● **What you are asked to do**: Give again, exactly as written, the lines of the records below from the line with "Funda MagSafe para" to the line with "Black Faux Croc Handbag with Round Handle". Both end lines count; pictures do not.

BEGIN Input material

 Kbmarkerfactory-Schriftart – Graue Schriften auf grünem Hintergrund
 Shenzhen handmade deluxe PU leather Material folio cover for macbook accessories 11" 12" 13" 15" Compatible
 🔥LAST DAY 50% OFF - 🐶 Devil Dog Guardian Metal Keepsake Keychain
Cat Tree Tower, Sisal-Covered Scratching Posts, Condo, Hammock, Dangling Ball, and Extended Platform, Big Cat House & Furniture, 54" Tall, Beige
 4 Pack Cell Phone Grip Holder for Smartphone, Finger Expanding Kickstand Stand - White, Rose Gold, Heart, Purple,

END Input material
BEGIN Input material

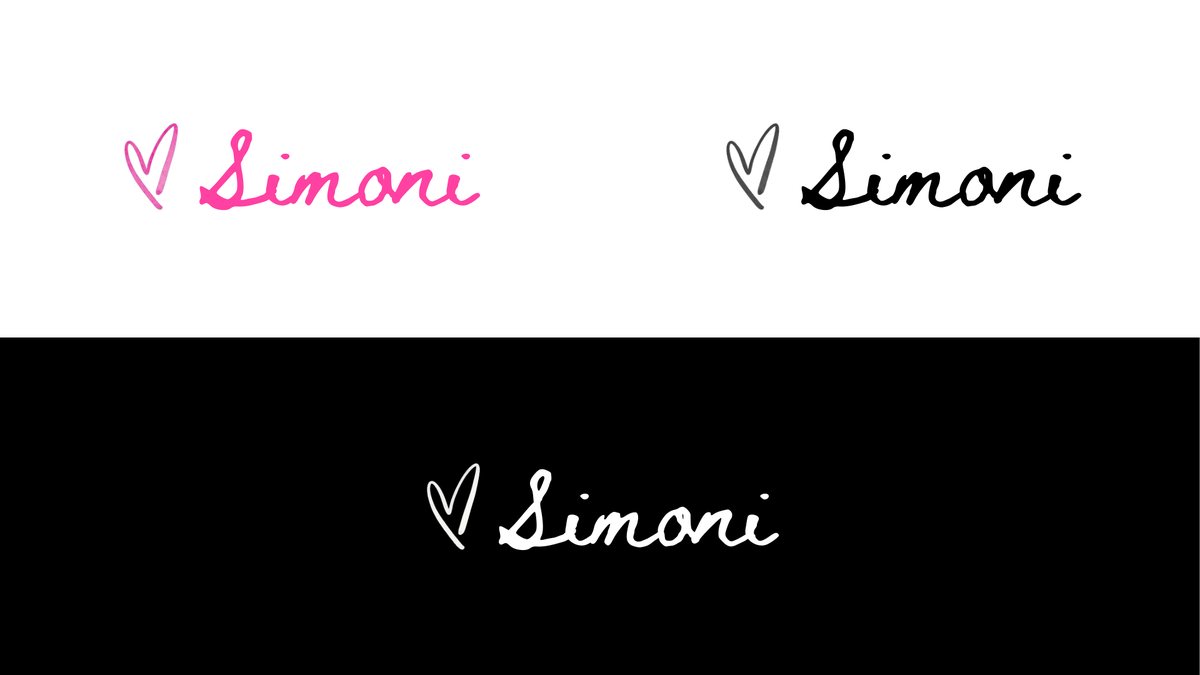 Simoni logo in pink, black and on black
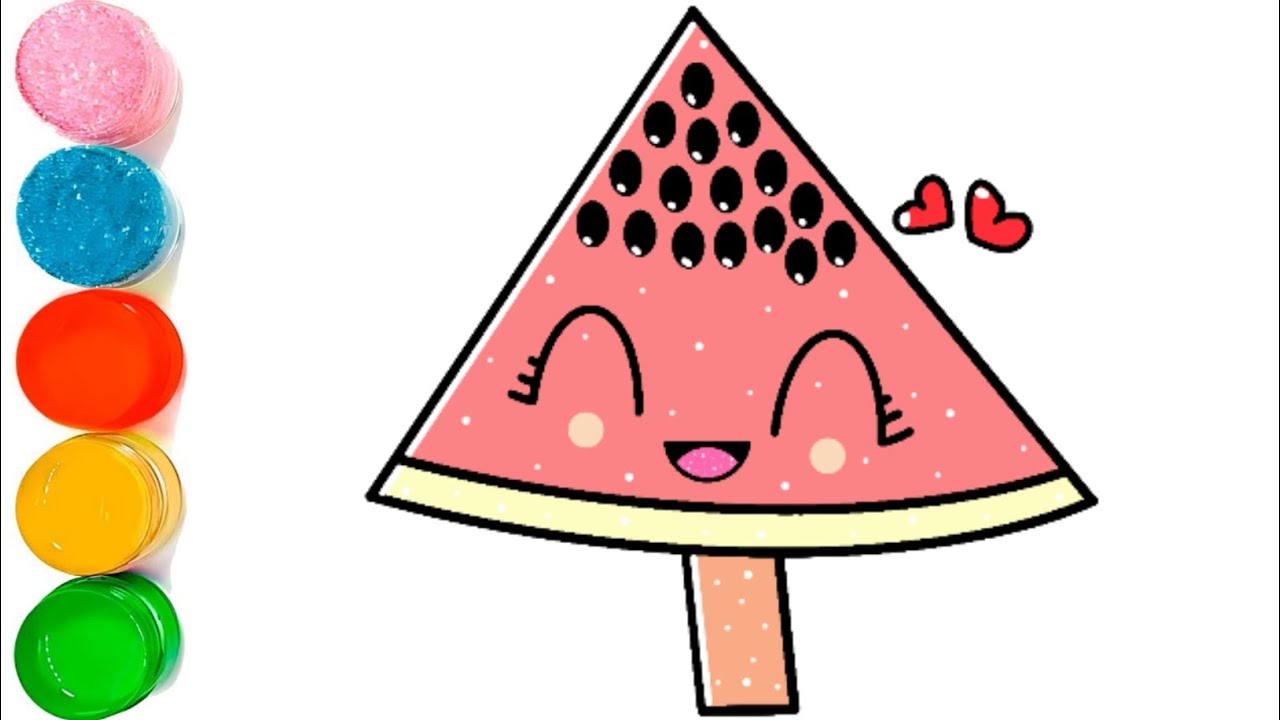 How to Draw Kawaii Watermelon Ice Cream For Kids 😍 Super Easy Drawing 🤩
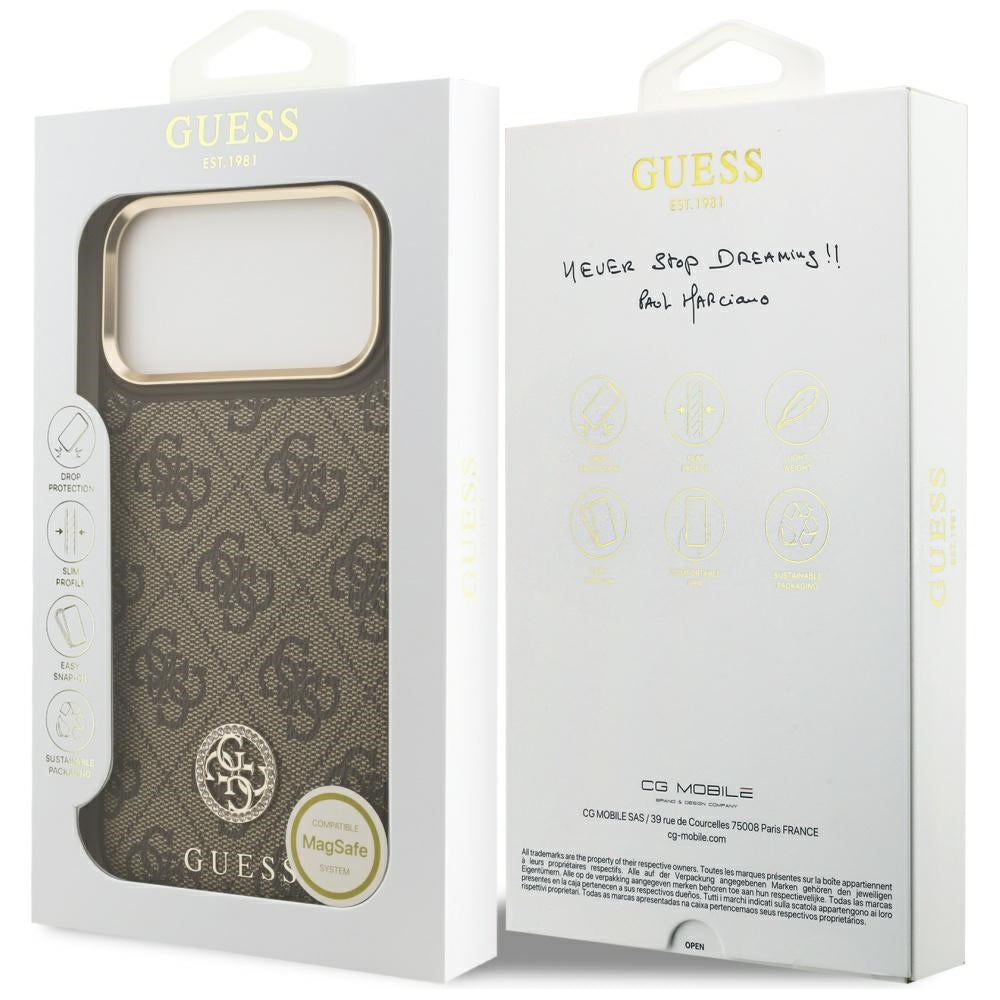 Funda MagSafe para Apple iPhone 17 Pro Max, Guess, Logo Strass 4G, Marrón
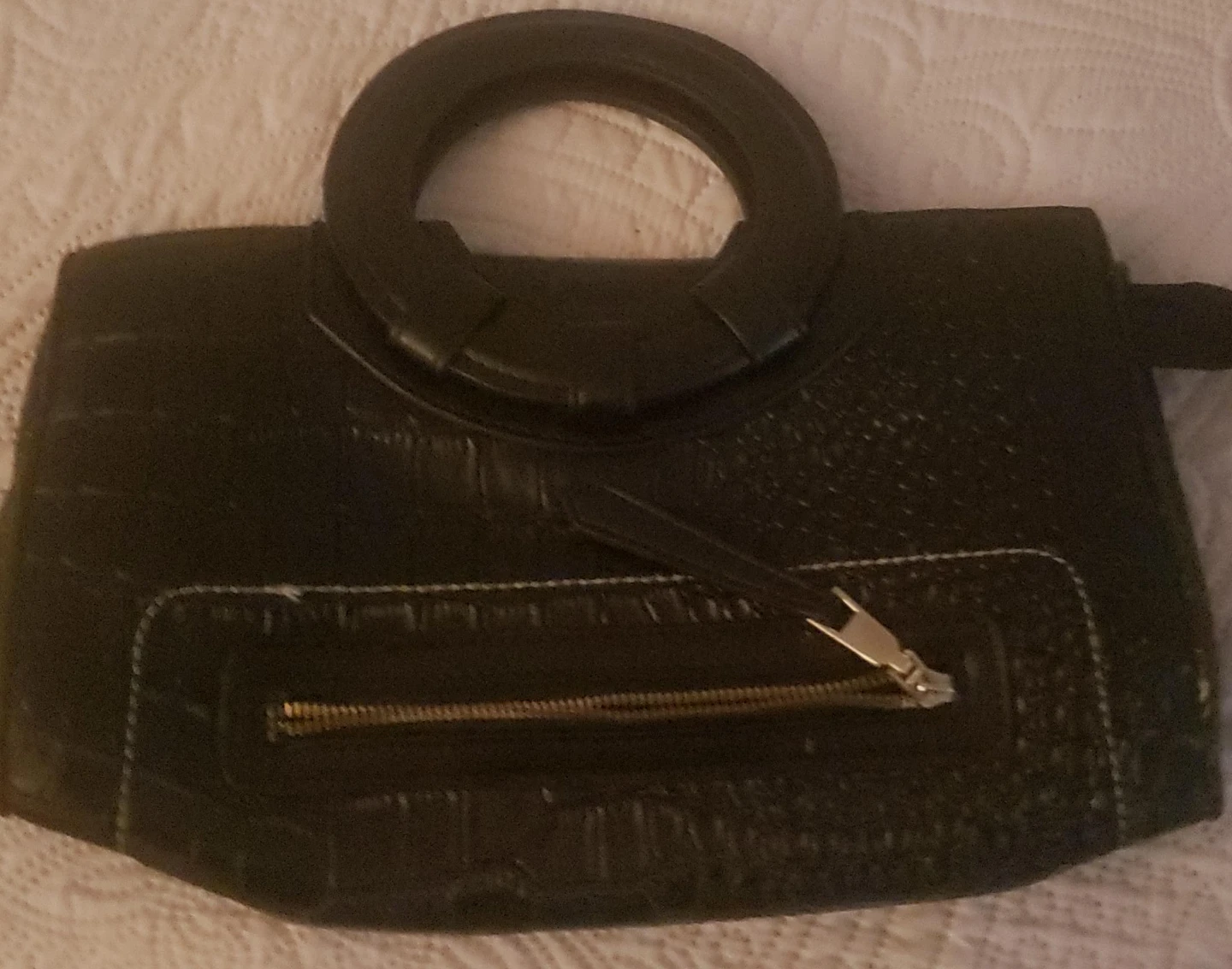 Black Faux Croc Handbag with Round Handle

END Input material

● **Output of the exercise**:
 Funda MagSafe para Apple iPhone 17 Pro Max, Guess, Logo Strass 4G, Marrón
 Black Faux Croc Handbag with Round Handle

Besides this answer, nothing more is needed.